Even the climate, which she’d once dismissed as insipid, begins to seduce her as she witnesses the city’s mutability beneath each season’s spell. The smell of the pavements after rain, the frozen hush of a January dawn. The shimmering neon of Piccadilly Circus beneath snow, the blossom trees of an Islington square in spring. The scent of the cold, black streets in winter, the hazy glow of Hyde Park in summer where once she spies parakeets flying between the trees. It seeps into her soul.
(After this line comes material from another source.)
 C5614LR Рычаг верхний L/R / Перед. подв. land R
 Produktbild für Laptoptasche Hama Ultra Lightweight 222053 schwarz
But something else, something even more beguiling than the city begins to make its claim. Wherever she goes she loiters on the corners of strangers’ conversations, catching words like falling leaves, sifting through other people’s dialogue like a tramp scavenging through bins. In Mayfair words flutter like butterflies from beneath Arab housewives’ veils. At bus stops school children bat them back and forth like ping pong balls. In Newington Green elderly Turks slide them across cafe tables like pieces on a backgammon board. In churches they rise in prayer like dissipating steam. Words as currency, as intimacy, as love or reassurance. Words of anger or persuasion. Words that are curled with tenderness, or scorched by anger, that spit and fizz or slice and wound, words that warm and nourish. She collects them all.